Music that everyone can dance to
Country music in a rural honky-tonk inspires writer Rebecca Solnit to ponder the class and cultural underpinnings of the “crisis of environmentalism,” which has caused so much green soul-searching in recent years. “One Nation Under Elvis: An environmentalism for us all,” in the latest issue of Orion Magazine, explores the divide between urban and rural, left and right, environmentalist and rancher in musical tastes.
Solnit recalls enviros she’s known who seemed more offended by rural culture and lifestyle (and music) than by any actual damage that culture was doing to the land, or liberals who scorn backward rednecks for their religion and politics. There’s the other side, of course, like people wearing t-shirts that say WRANGLERS (Western Ranchers Against No-Good Leftist Environmental Radical Shitheads).
It begins to sound cliché, but of course there’s common ground. Not always, but often, these are artificial divides that we have missed important opportunities to bridge. It’s a loss to us all. She writes, “The result of all this has been a marginalized environmental movement . . . that has alienated the people who often live closest to ‘the environment.’” Beyond the strategic expedience of bridging the gaps, she also says that something “will go out of us if the resourcefulness, rootedness, and richness of rural culture disappears.”
“Yes!,” I said aloud as I was reading this.

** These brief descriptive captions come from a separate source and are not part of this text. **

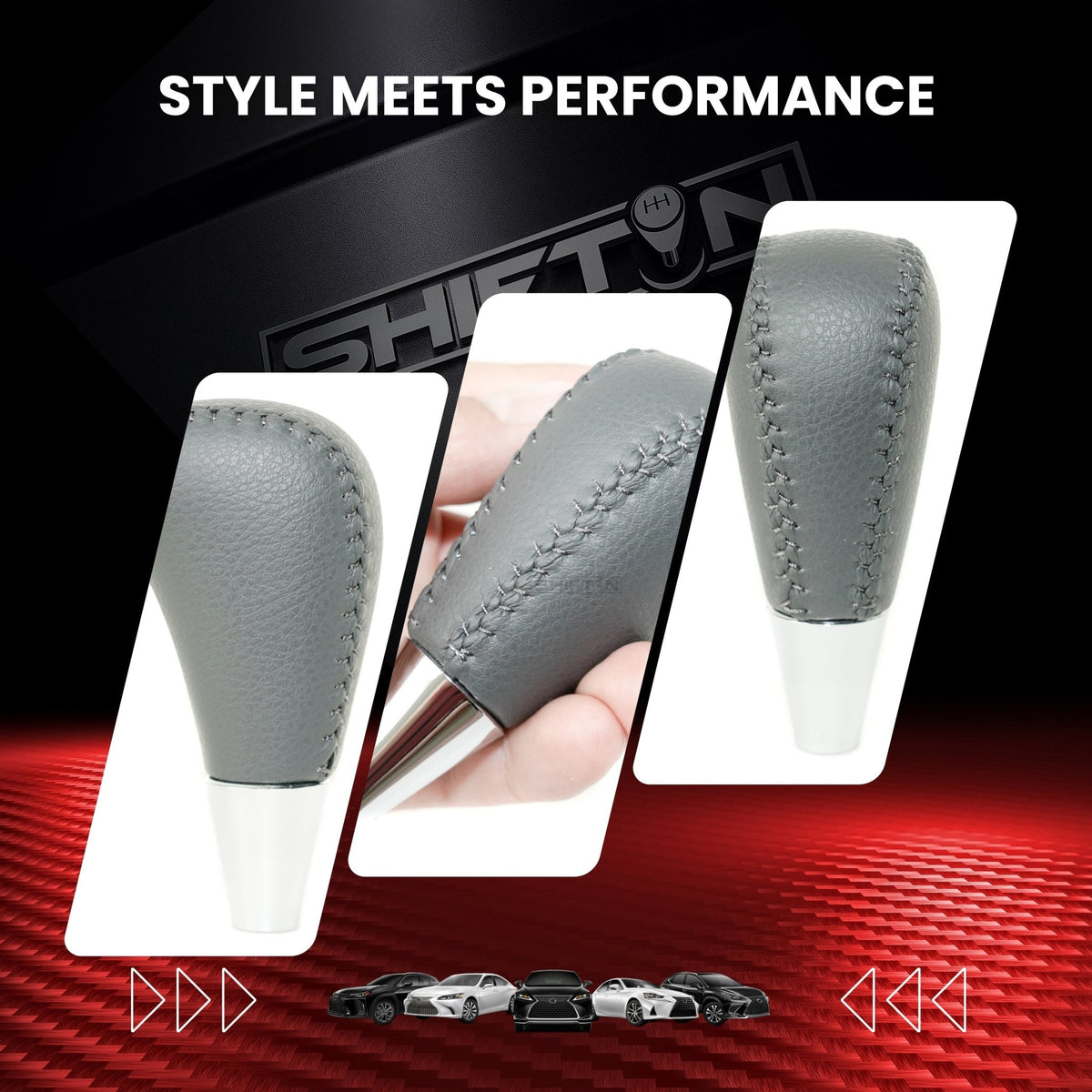 SHIFTIN Gear Shift Knob for Toyota Avalon Yaris 4Runner Sienna Camry Tacoma Rav-4 Matrix Corolla Venza & Lexus ES GS IS LS LX RX SC - XGLT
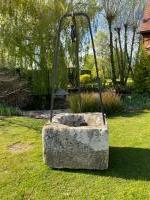 18th Century Limestone Well Head and Overthrow (Stk No.3834)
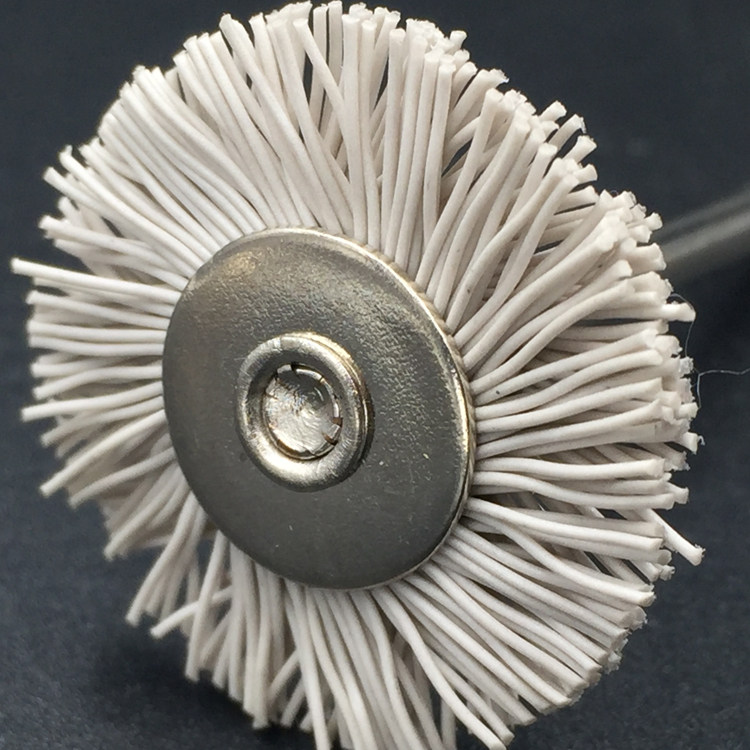 3.0mm进口磨料丝研磨尼龙毛刷杜邦丝花头笔刷t型核雕热卖工具磨头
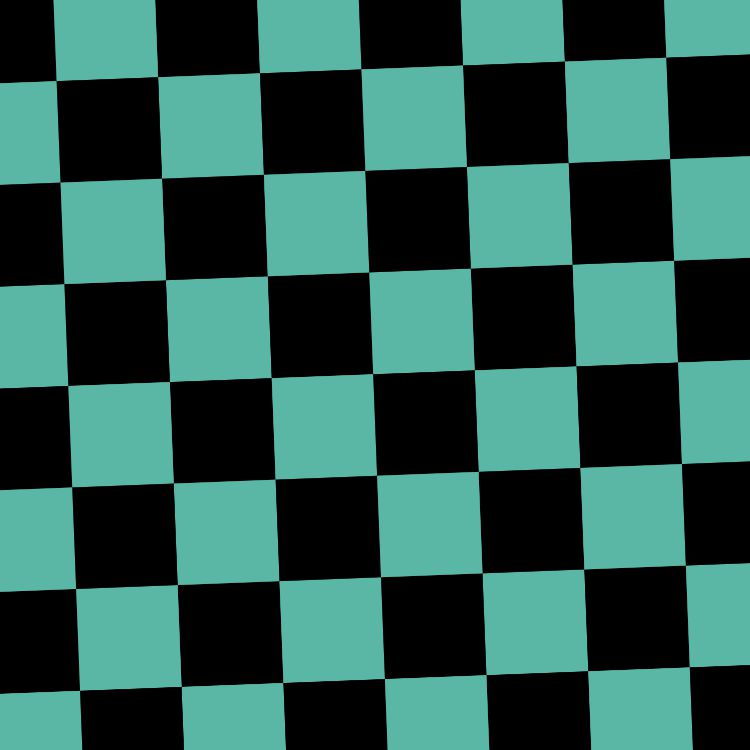 Anime Black Blue Teal Checkered Flag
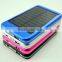 2015 new customized slim solar energy power bank 5000 Mah portable fast charging powerbank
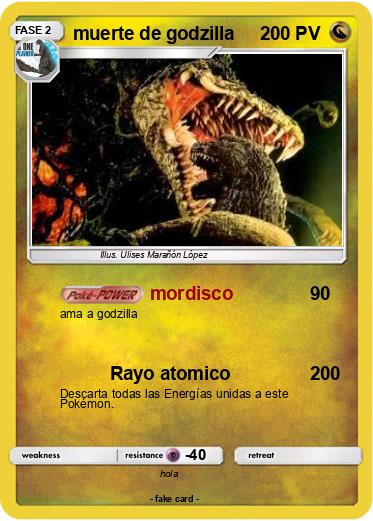 Pokemon muerte de godzilla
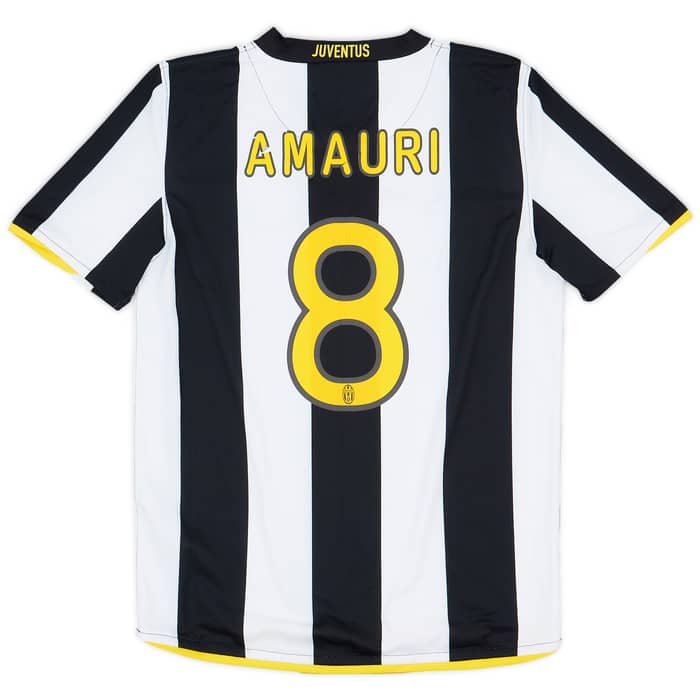 2008-09 Juventus Home Shirt Amauri #8 - 6/10 - (L.Boys)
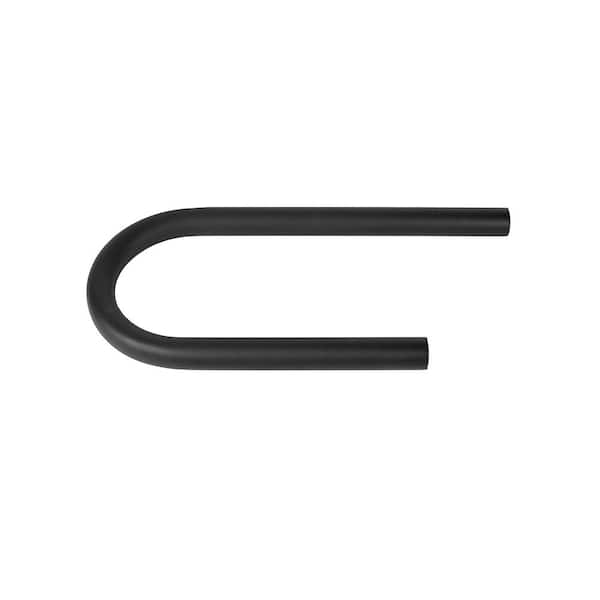 WESTBURY ADA Continuous Handrail Aluminum 180-Degree Elbow Black Fine Texture (ADA Compliant)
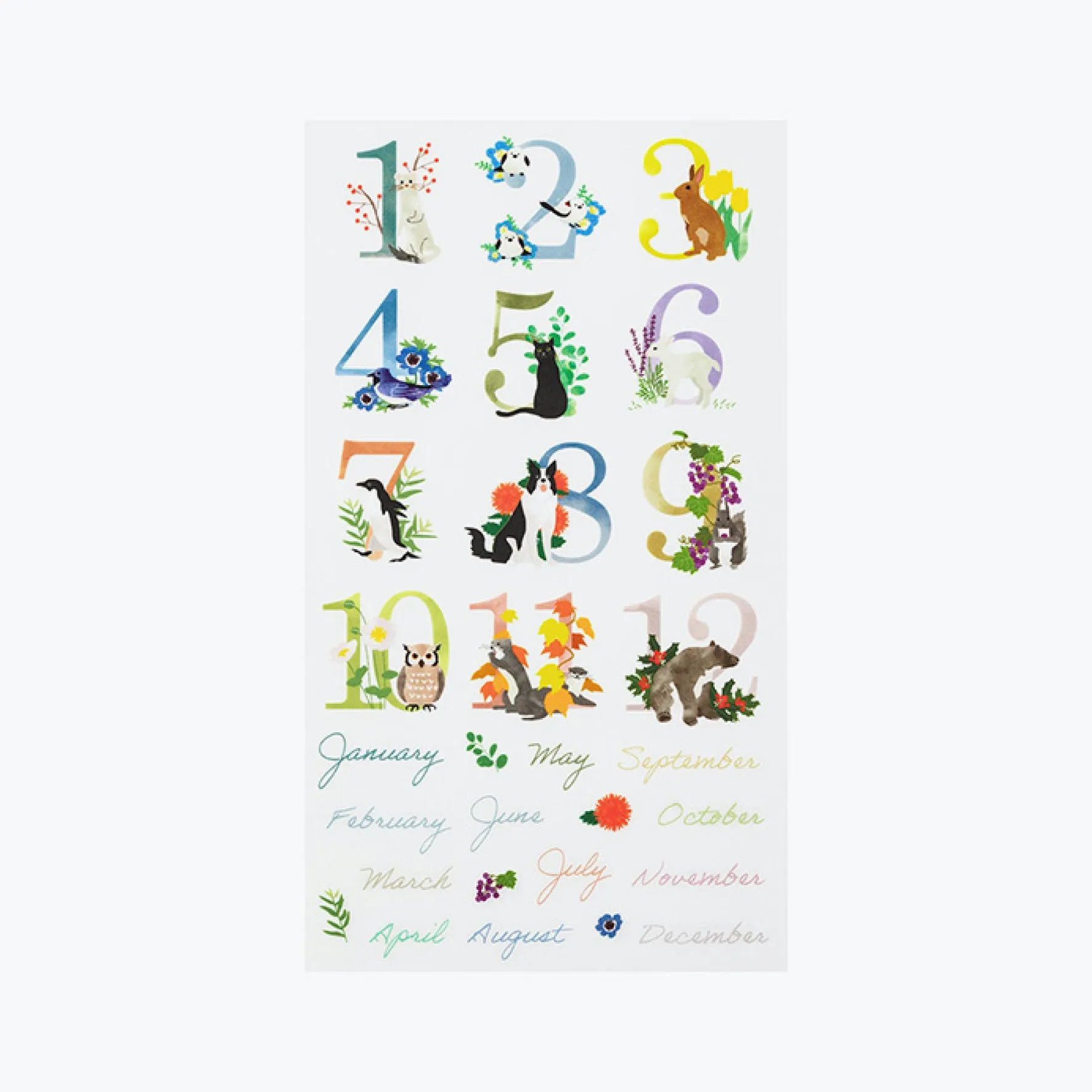 Midori - Sticker Seal - Transfer - Month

That’s exactly the point HCN and others often miss about ideas like the “radical center” and organizations like The Quivira Coalition (HCN 9/5/05) (full disclosure: I am the current chair of the radical centrist Quivira Coalition). Then she mentions Quivira as one example of cultivating that common ground.
But we need more. If we want this movement to succeed and the land to thrive we need to be making more friends than enemies. As Solnit puts it, creating “a music that everyone can dance to.”
By the way, always great music at Quivira Coalition conferences.